Second off, I didn't realize how deep the dep tree would be for this type of program -- 141 total! So much of it is the url crate, itself a dep of the git crate, but there's a bunch of others too. I'm just getting into learning Rust -- is this typical of Rust projects or perhaps typical of TUI projects in general?
(EDIT to strikeout) ~~The binary is also 53M as a result whereas /usr/sbin/tree is 80K on my machine -- not really a problem on today's storage, but very roughly 500-1000x different in size isn't nothing.~~
Maybe it's linking-related? I don't know how to check really.
(EDIT: many have pointed out that you can run `cargo build --release` with other options to get a much smaller binary. Thanks for teaching me!)
That's a debug binary, and the vast majority of that is debug symbols. A release build of this project is 4.3M, an order of magnitude smaller.
Also, compiling out the default features of the git2 crate eliminates several dependencies and reduces it further to 3.6M.
https://github.com/bgreenwell/lstr/pull/5
https://github.com/rust-lang/git2-rs/pull/1168
Stripping the binary further improves it to 2.9M, and some further optimizations get it to 2.2M without any compromise to performance. (You can get it smaller by optimizing for size, but I wouldn't recommend that unless you really do value size more than performance.)

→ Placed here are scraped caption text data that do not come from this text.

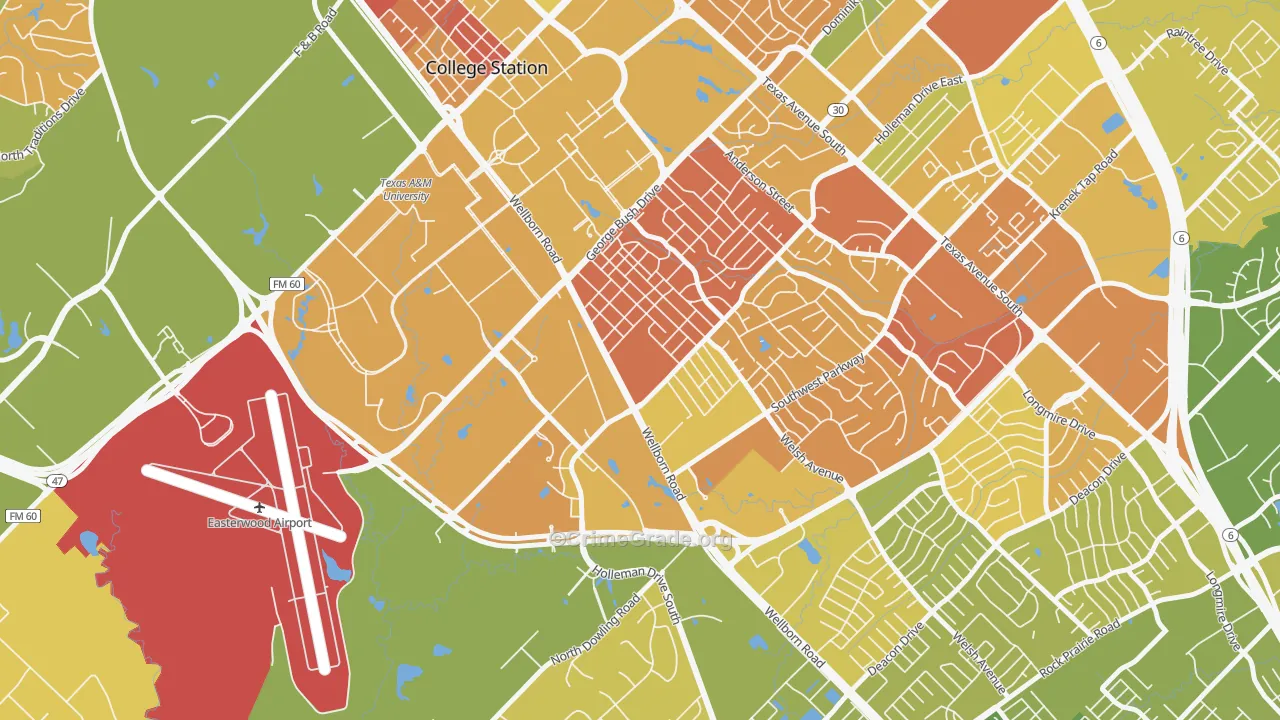 College Park, College Station, TX Map of Murder Rates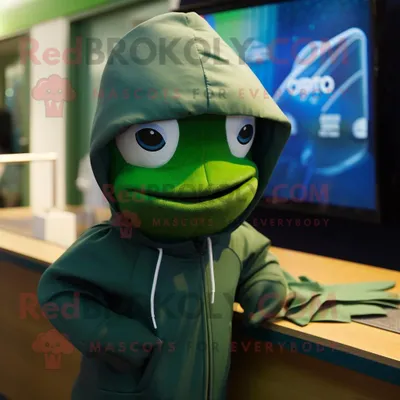 Produktbild von Grüner REDBROKOLY Betta-Fisch Maskottchen Kostüm charakter bekleidet mit einem Kapuzenpullover und Krawatten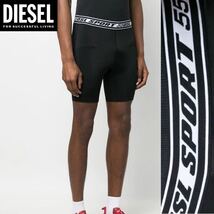 新品 未使用 タグ付き ★定価17,600円 DIESEL SPORT ディーゼル スポーツ メンズ Mサイズ レギンス ハーフ スパッツ ロゴ ブラック 15_画像1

Most shells dynamically link to a runtime your OS provides "for free". The 4.3 MiB binary in question is bundling the Rust runtime and its dependencies.
For reference, a statically-compiled C++ "Hello, World" is 2.2 MiB after stripping.
The executable takes 33KB in C, 75KB in nim.
But in all seriousness, my example is quite cherrypicked, since nobody will actually statically link glibc. And even if they did, one can make use of link-time optimization to remove lots of patches of unused code. Note that this is the same strategy one would employ to debloat their Rust binaries. (Use LTO, don't aggressively inline code, etc.)
Rust binaries also dynamically link to and rely on this runtime.
I'll try with `panic = "abort"` for our next release, thanks for the reminder.
If you just think about how roughly (napkin math) 2MB can be 100k loc, that’s nuts
Further I think everyone keeps getting larger and larger memory because software keeps getting more and more bloated.
I remember when 64gb iPhone was more than enough (I don’t take pictures so just apps and data) Now my 128 is getting uncomfortable due to the os and app sizes. My next phone likely will be a 256
> First because it’s kind of a fallacy. Size is absolute not relative to something. Especially for software. No one thinks of software size primarily in the context of their disk space.
That’s exactly how most people think about file sizes.
When your disk is full, you don’t delete the smallest files first. You delete the biggest.
> Further I think everyone keeps getting larger and larger memory because software keeps getting more and more bloated.
RAM sizes have actually stagnated over the last decade.
> I remember when 64gb iPhone was more than enough (I don’t take pictures so just apps and data) Now my 128 is getting uncomfortable due to the os and app sizes. My next phone likely will be a 256
That’s because media sizes increase, not executable sizes.
And people do want higher resolution cameras, higher definition videos, improved audio quality, etc. These are genuinely desirable features.
Couple that with improved internet bandwidth allowing for content providers to push higher bitrate media, however the need to still locally cache media.
Part of it is app sizes on mobile. But it's apps in the 200mb - 2gb range that are the problem, not ones that single-digit megabytes.
What incentive does Apple have to help iOS devs get package sizes down, then?
Side-note: what theme are you using in the linked gif? It's right in the middle of my two favorite themes, onedark and gruvbox.
I do love the compiler and support tools built into Cargo (fmt, clippy, etc.).